[Captioned web image data]
- - - -
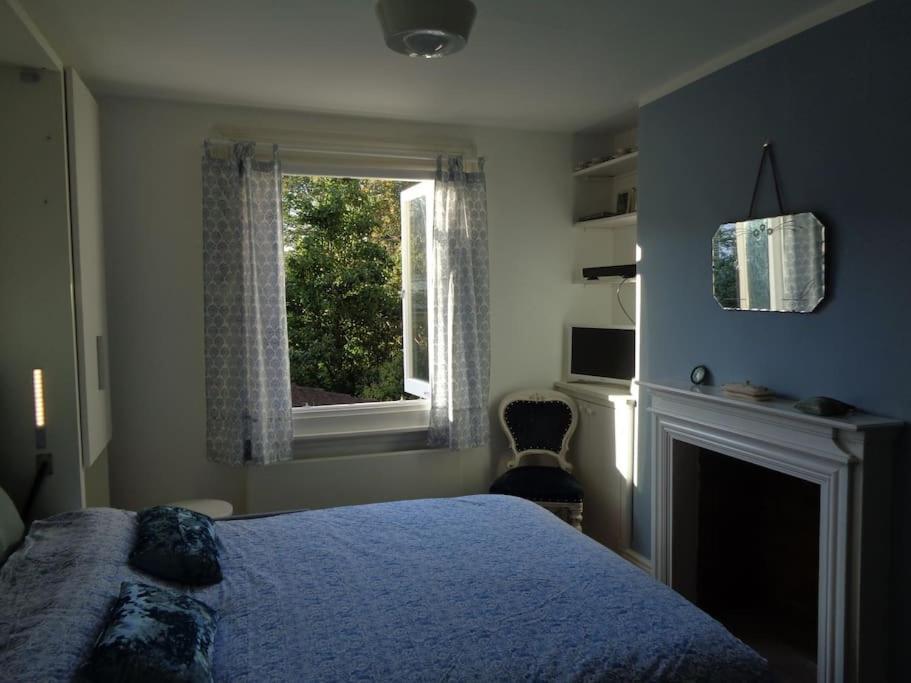 Charming English Style Studio Flat London Exteriör bild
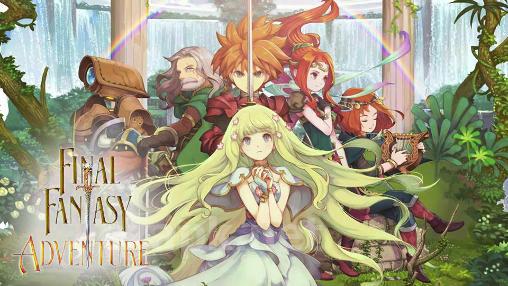 Final fantasy: Adventure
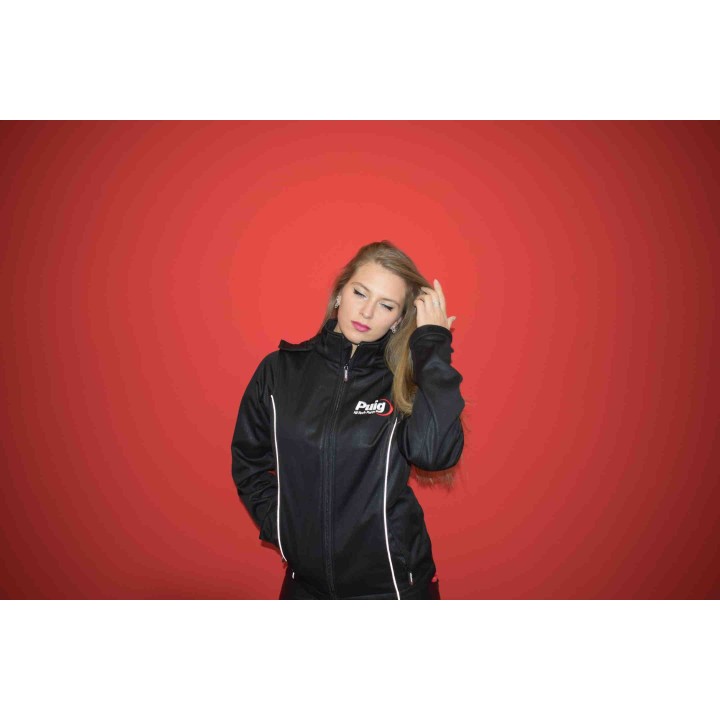 PUIG Chaqueta cazadora textil HI-TECH PARTS 9860VAR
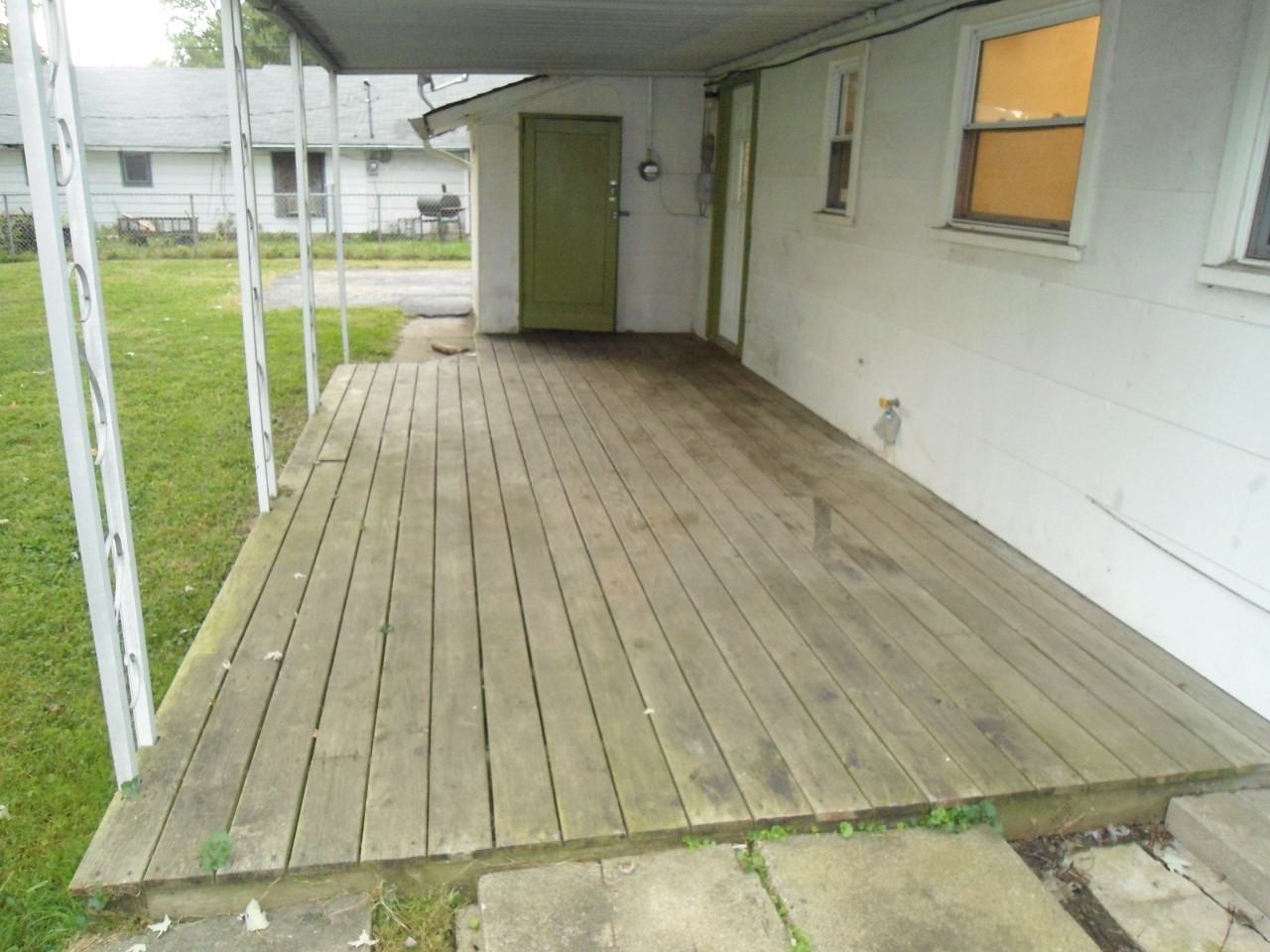 5108 W 32nd St, Indianapolis, IN 46224 3 Bedroom Apartment for 750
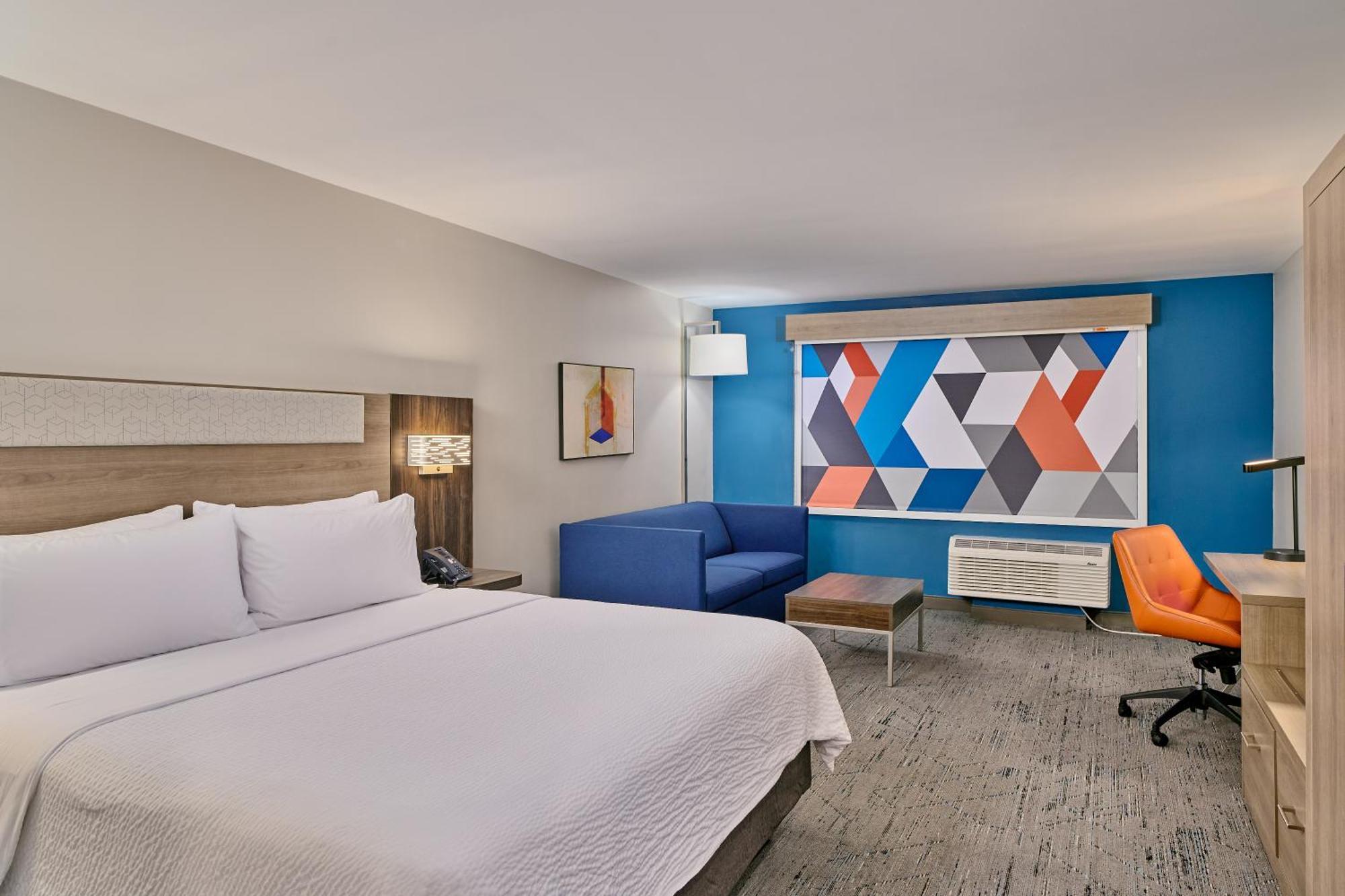 Holiday Inn Express & Suites Diamond By Ihg Stubbs Eksteriør billede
- - - -
- [What you should do]
The answer must be an exact copy of the lines from the start of the records above through the line containing "5108 W 32nd", with no pictures in it.

- [Solved exercise]
 Charming English Style Studio Flat London Exteriör bild
 Final fantasy: Adventure
 PUIG Chaqueta cazadora textil HI-TECH PARTS 9860VAR
 5108 W 32nd St, Indianapolis, IN 46224 3 Bedroom Apartment for 750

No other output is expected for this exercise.